[gpfsug-discuss] nodes being ejected out of the cluster

Jan-Frode Myklebust janfrode at tanso.net
Wed Jan 11 15:10:03 GMT 2017


My first guess would also be rdmaSend, which the gssClientConfig.sh enables
by default, but isn't scalable to large clusters.
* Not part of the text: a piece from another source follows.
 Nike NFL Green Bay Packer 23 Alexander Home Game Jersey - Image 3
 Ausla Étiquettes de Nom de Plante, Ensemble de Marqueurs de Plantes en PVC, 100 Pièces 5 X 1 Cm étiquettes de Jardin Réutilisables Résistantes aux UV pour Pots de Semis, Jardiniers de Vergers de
It fits with your error
message:

https://www.ibm.com/developerworks/community/wikis/home?lang=en#!/wiki/General%20Parallel%20File%20System%20%28GPFS%29/page/Best%20Practices%20RDMA%20Tuning

   - """For GPFS version 3.5.0.11 and later, IB error IBV_WC_RNR_RETRY_EXC_ERR
   may occur if the cluster is too large when  verbsRdmaSend is enabled Idf
   these errors are observed in the mmfs log, disable verbsRdmaSend on all
   nodes.. Additionally, out of memory errors may occur if verbsRdmaSend is
   enabled on very large clusters.  If out of memory errors are observed,
   disabled verbsRdmaSend on all nodes in the cluster."""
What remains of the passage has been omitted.